Credit cards accounted for 74.92% of the transactions in 2018.
Debit cards also saw a significant increase in usage from 2017 to 2018.
Vouchers have a slight decline in usage in 2018 compared to 2017.
From the analysis, we can conclude that:
In terms of Annual Customer Growth, there is an increase in the number of Average Active Users and New Customers from 2016 to 2018.
On the other hand, 2018 saw a slight decline in the number of customers who purchased more than one product compared to 2017.
2018 is the year with the highest revenue(54.81%) followed by 2017(44.89%) and 2016(0.30%).
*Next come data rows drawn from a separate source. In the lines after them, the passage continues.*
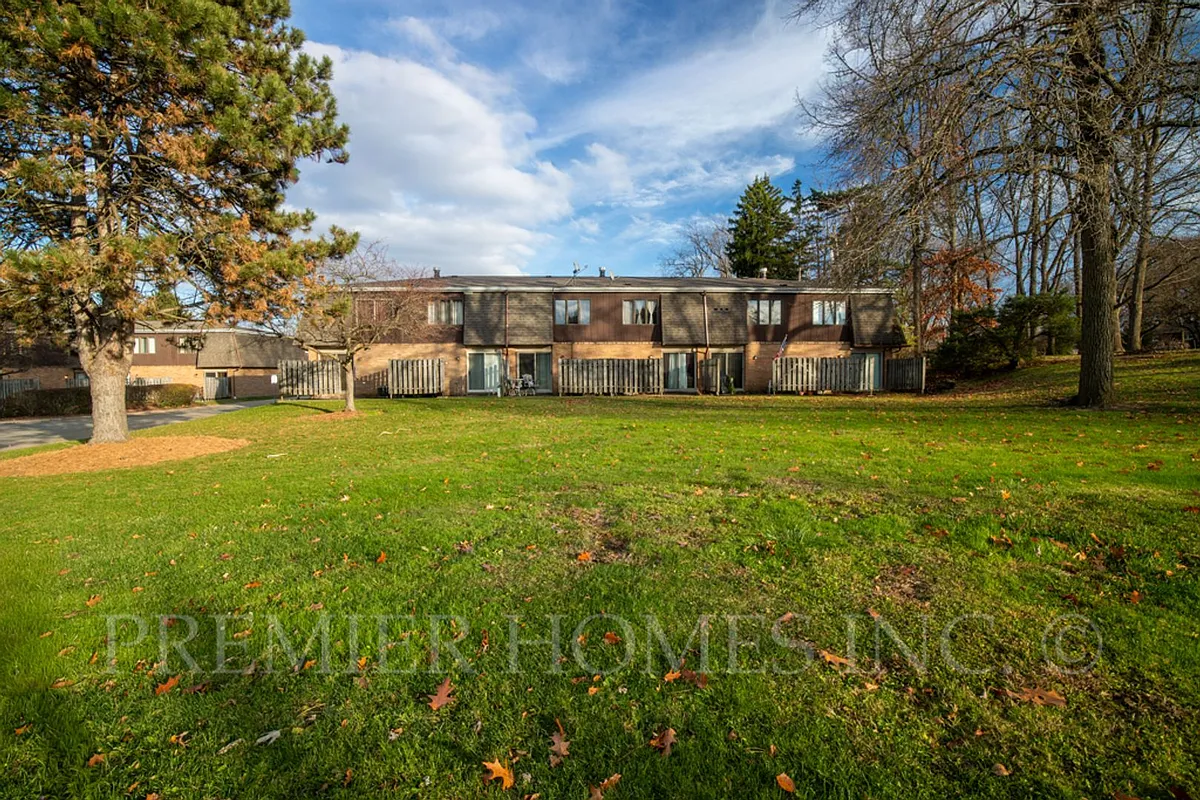Building Photo - 3704 Martindale Rd NE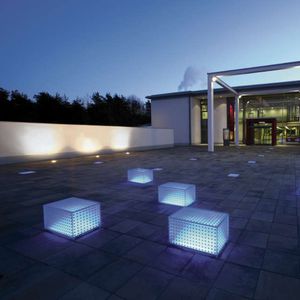 banc public contemporain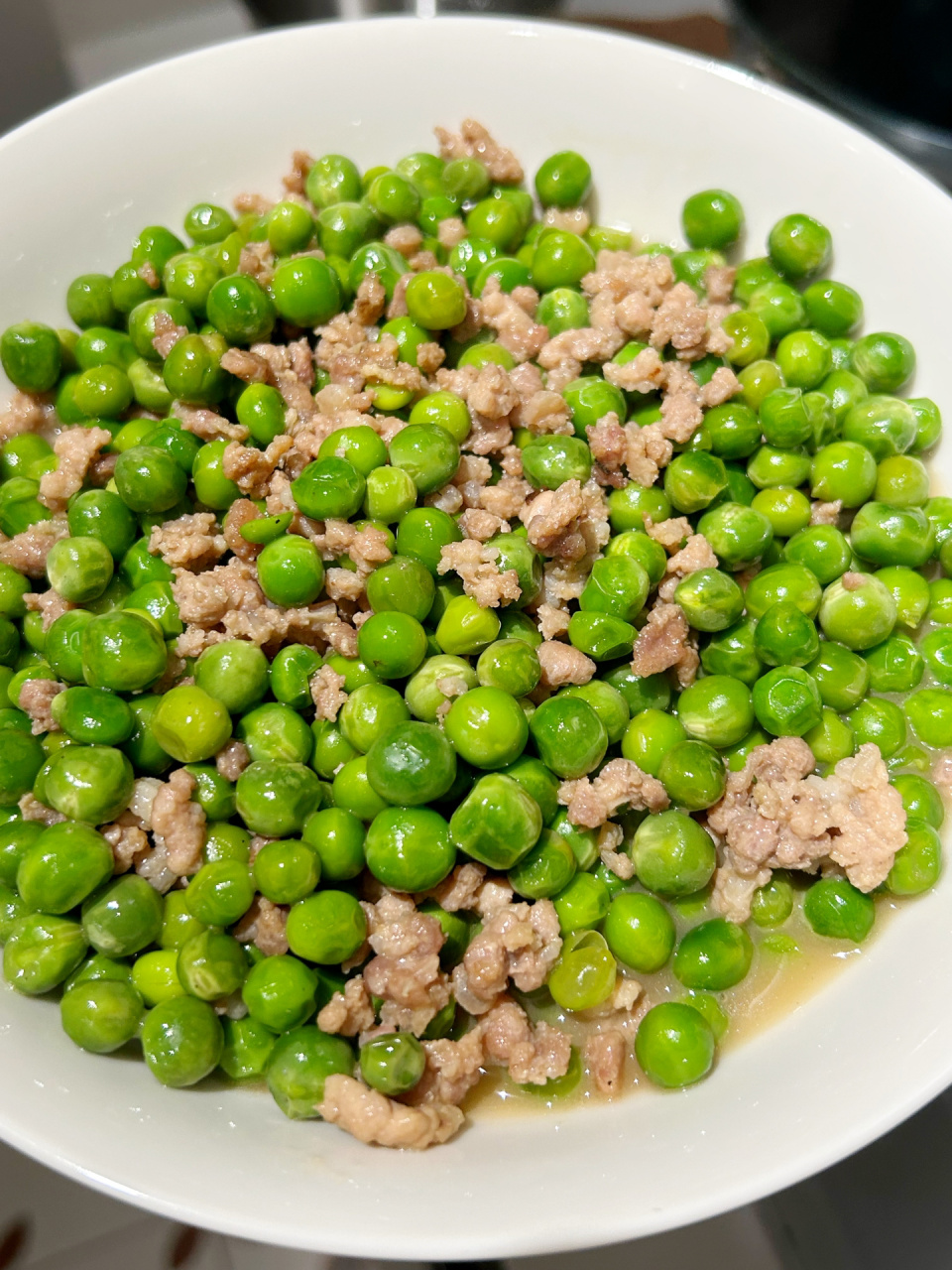 小时候一点也不喜欢吃嫩豌豆胡豆,现在离开家了,到了时间就开始想了.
The revenue has been increasing since 2016.
“Health & Beauty” is the best-selling category in 2018 with a revenue of $ 8,85,191.12 followed by “Bed Bath Table” in 2017 ($ 5,90,280.44) and “Furniture Decor” in 2016 ($ 7,188.51).
“Health & Beauty” is also the category with the most cancellations in 2018 followed by “Sports Leisure” in 2017 and “Toys” in 2016.
Credit cards dominate the method of payment throughout the years: 74.92% in 2018, 72.74% in 2017, and 74.57% in 2016.
Based on the conclusions derived the following suggestions can be provided:
Focus on retaining existing customers who purchase more than one product: As the number of customers who purchased more than one product declined in 2018, it is important to focus on retaining these customers by providing them with personalized offers and discounts.
Explore other payment methods: Although credit cards dominate the method of payment, it would be worthwhile to explore other payment methods such as digital wallets and mobile payments to provide customers with more options.
Invest in the "Health & Beauty" category: As it is the best-selling category in 2018, it would be a good idea to invest more in this category by introducing new products and promotions to drive sales further.
Analyze the reasons for cancellations: As "Health & Beauty" is the category with the most cancellations, it would be important to analyze the reasons for cancellations and take corrective actions to improve customer satisfaction and reduce cancellations.
Continue to focus on revenue growth: As the revenue has been increasing since 2016, it is important to continue focusing on revenue growth by introducing new products, optimizing pricing strategies, and expanding the customer base.